Monday, February 27, 2006

ANONIMITY

Tuesday, February 14, 2006
8:46:06 PM

Anonymity is a good thing…it makes one guess a while…and the moment you think you know this person, that very moment you begin to doubt that it’s someone else…and the funniest part is, u become absolutely independent of social stereotyping…

Whenever we know it’s a girl or a guy writing, our brain automatically blinds us with some preconceived notions…it’s pretty complicated and interesting…but dear Mr. Anonymous…ahhem…arrrm…Ms Anonymous (no other connotations hidden here), you seem to be keen on kicking me out from your country…don’t worry, there are plenty of able and devoted citizens out here literally kicking me hard reminding me that I actually don’t belong here…and that I am simply a guest…so I should limit myself to the boundaries of guest-hood…

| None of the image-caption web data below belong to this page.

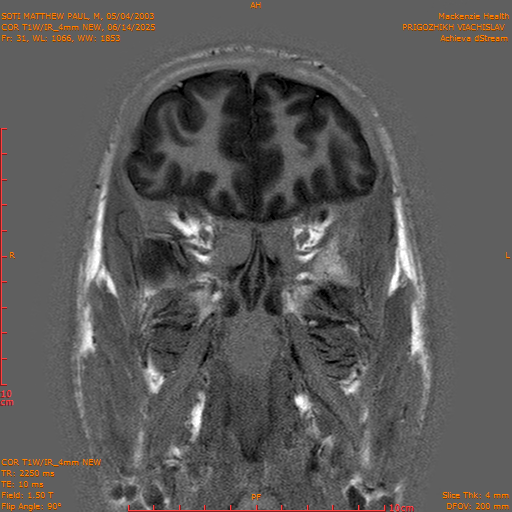 2025-06-14/COR T1W-IR_4mm NEW/0032-IM1023.png
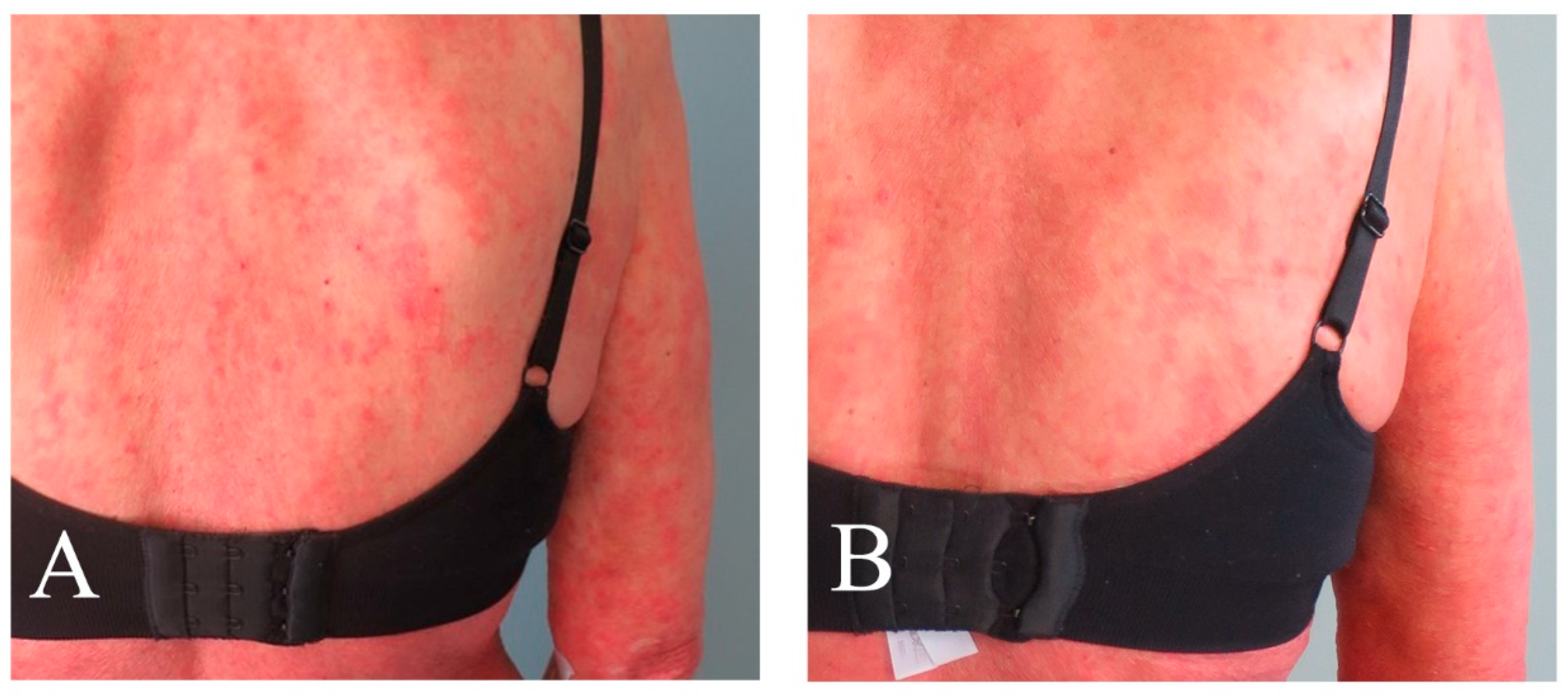 Pharmaceutics 16 00815 g002 Pharmaceutics 16 00815 g002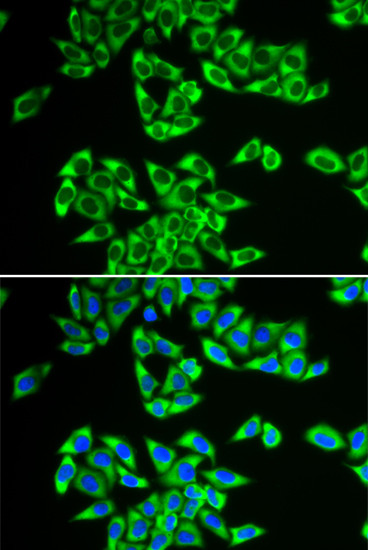 DDX3 Antibody in Immunocytochemistry (ICC/IF)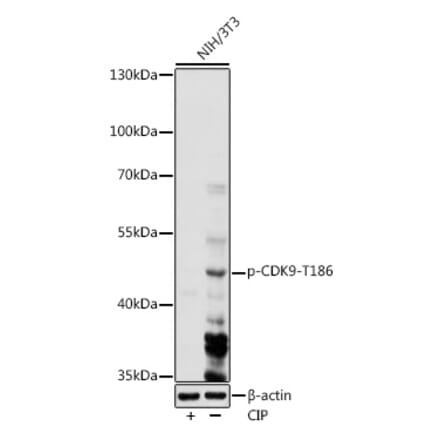 Western Blot - Anti-Cdk9 (phospho Thr186) Antibody (A91795) - Antibodies.com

“I am living in a foreign country
But I am bound to cross the line”
- Bob Dylan

It feels a bit weird being a guest, cos’ you know your host will whisper separately with other members of the family about what food to offer…

There are also other interesting ways people treat me here as a guest. Some of them think for no apparent reason or incident that I am a big attention-seeker…well who isn’t? But on the contrary, I am not really a person who would feel comfortable with a lot of attention…I just feel better if I can be with a small close knit of friends, which seems to be a bit difficult here except for a few exceptions…I believe in intimate close friendships and it gets a bit hard for me to maintain light passing companionship with too many people…I am not too social…I find it hard to believe if a ‘friend’ remarks rudely “nobody-wants-to-hear-you-here”…I mean what kind of a friend would say “nobody-wants-to-hear-your-story”…but this world is a strange place, perhaps such behavior is allowed in friendship…what can I say, may be I haven’t been able to come out of the cocoon of high school and I still live in the delusion that friends are…forget it, who cares anyway?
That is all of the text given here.